§ **EXERCISE DESCRIPTION**: Starting at the line that contains "this 1000×667 image.", please transcribe every line through the end of the entries, exactly and with no pictures.

§ **SUPPLIED MATERIAL**:
■ ■ ■
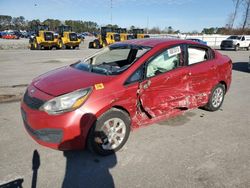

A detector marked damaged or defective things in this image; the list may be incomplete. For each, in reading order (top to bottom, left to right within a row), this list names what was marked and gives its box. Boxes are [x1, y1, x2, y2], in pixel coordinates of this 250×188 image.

crumpled hood [32, 65, 113, 95]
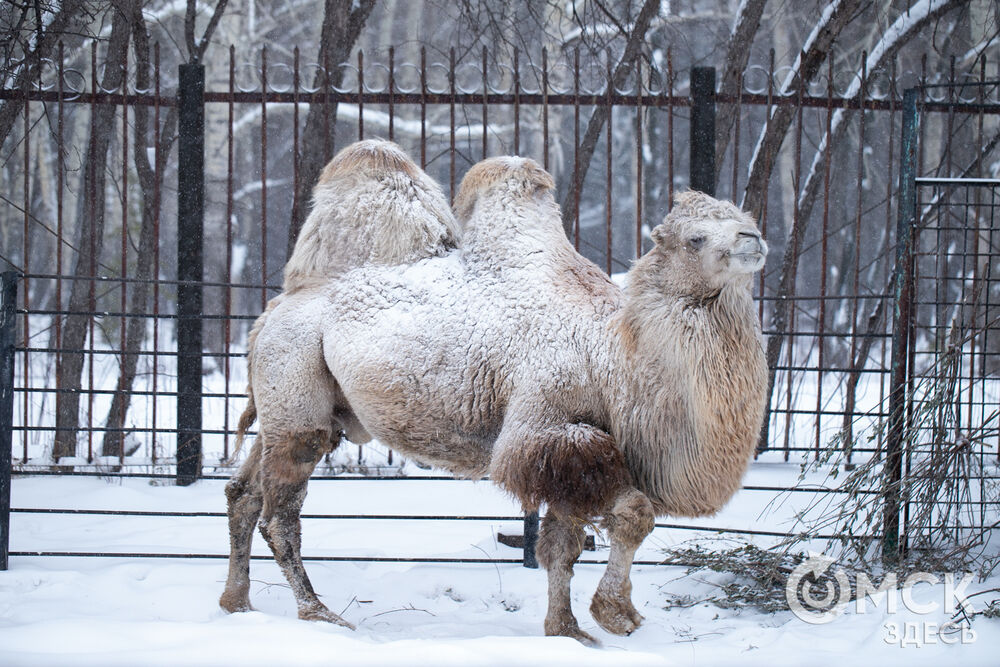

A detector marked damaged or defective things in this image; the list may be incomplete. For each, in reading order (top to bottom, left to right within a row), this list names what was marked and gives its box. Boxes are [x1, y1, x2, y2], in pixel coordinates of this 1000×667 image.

rusty fence post [0, 270, 18, 568]
rusty fence post [177, 66, 204, 486]
rusty fence post [884, 88, 920, 568]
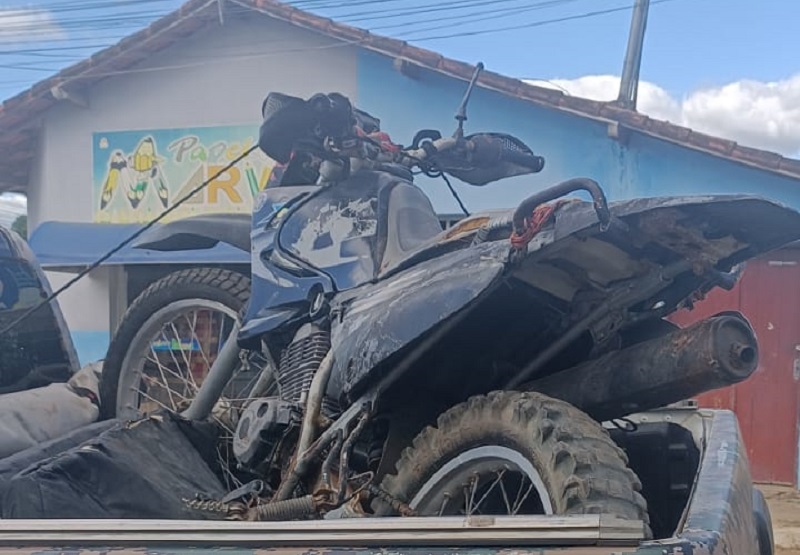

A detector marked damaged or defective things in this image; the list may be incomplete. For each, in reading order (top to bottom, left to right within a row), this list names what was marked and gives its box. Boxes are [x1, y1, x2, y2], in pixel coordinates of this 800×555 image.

damaged motorcycle [95, 66, 800, 536]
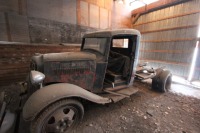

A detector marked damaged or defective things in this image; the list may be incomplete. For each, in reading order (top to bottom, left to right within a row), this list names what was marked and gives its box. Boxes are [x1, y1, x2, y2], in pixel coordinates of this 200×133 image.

rusty metal surface [23, 83, 112, 120]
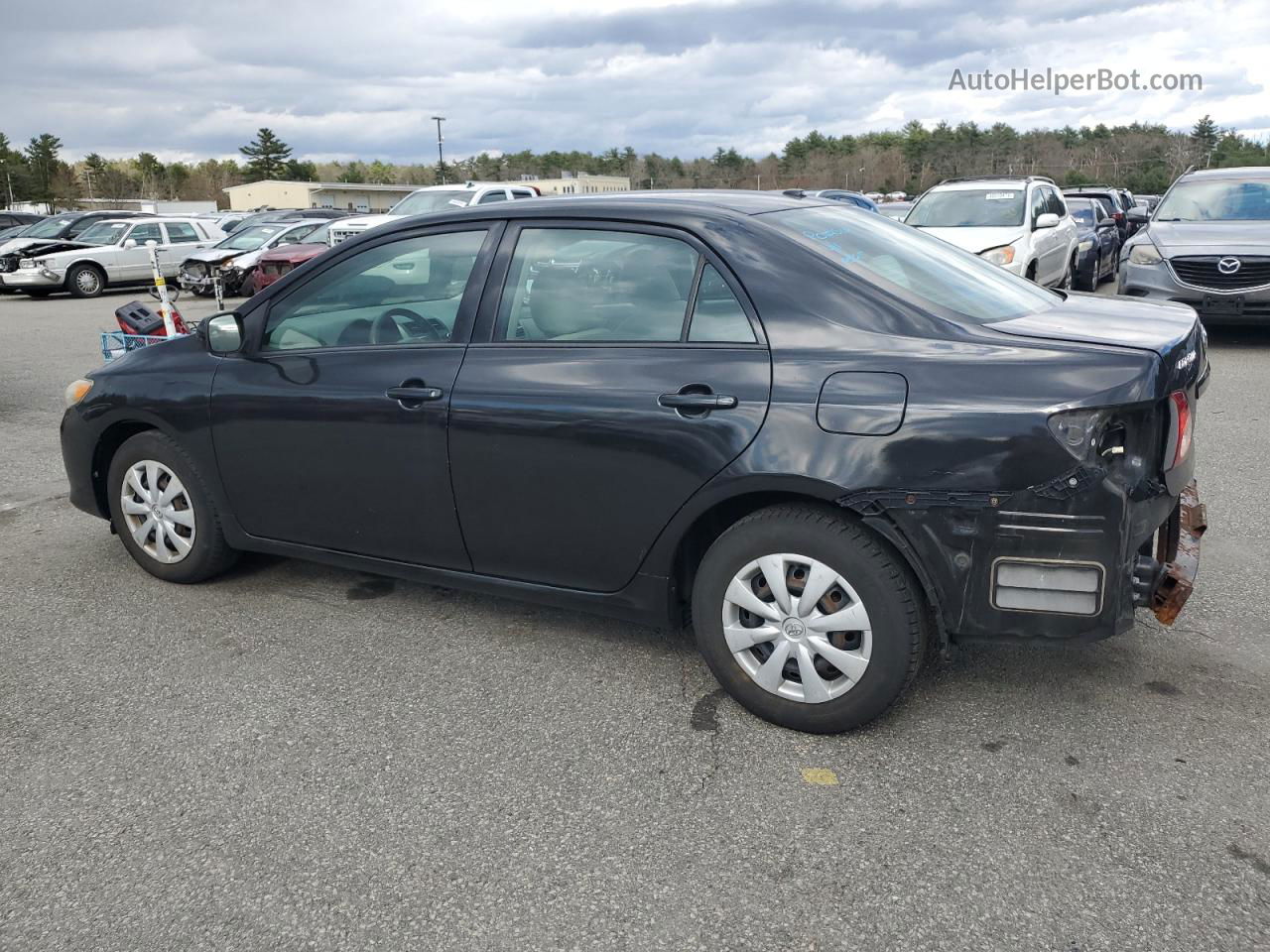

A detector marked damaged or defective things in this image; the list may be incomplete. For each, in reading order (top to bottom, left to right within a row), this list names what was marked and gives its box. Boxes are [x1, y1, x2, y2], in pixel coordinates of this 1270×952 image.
■ ■ ■
§ **ANSWER SECTION**:
A detector marked damaged or defective things in this image; the list may be incomplete. For each, in reading order (top to bottom, left to right within a row), this list names what was marked and gives its box. Boxes are [x1, y1, x2, y2], in pixel coordinates of this 1000×667 image.

rusty fence post [0, 270, 18, 568]
rusty fence post [177, 66, 204, 486]
rusty fence post [884, 88, 920, 568]

A detector marked damaged or defective things in this image; the list may be incomplete. For each, in reading order (top to bottom, left to right within a row), this list names what was marked and gives its box. Boxes are [x1, y1, x2, y2], in pixel coordinates of this 800×555 image.

damaged motorcycle [95, 66, 800, 536]

A detector marked damaged or defective things in this image; the list may be incomplete. For each, in reading order (top to bottom, left to right within a row), this list names what was marked and gives its box. Boxes are [x1, y1, x2, y2], in pixel coordinates of this 200×133 image.

rusty metal surface [23, 83, 112, 120]

A detector marked damaged or defective things in this image; the list may be incomplete. For each, in reading order (top to bottom, left to right within a row), this list names what was marked and gives its box. Boxes are [x1, y1, x2, y2], in pixel coordinates of this 1270×952 image.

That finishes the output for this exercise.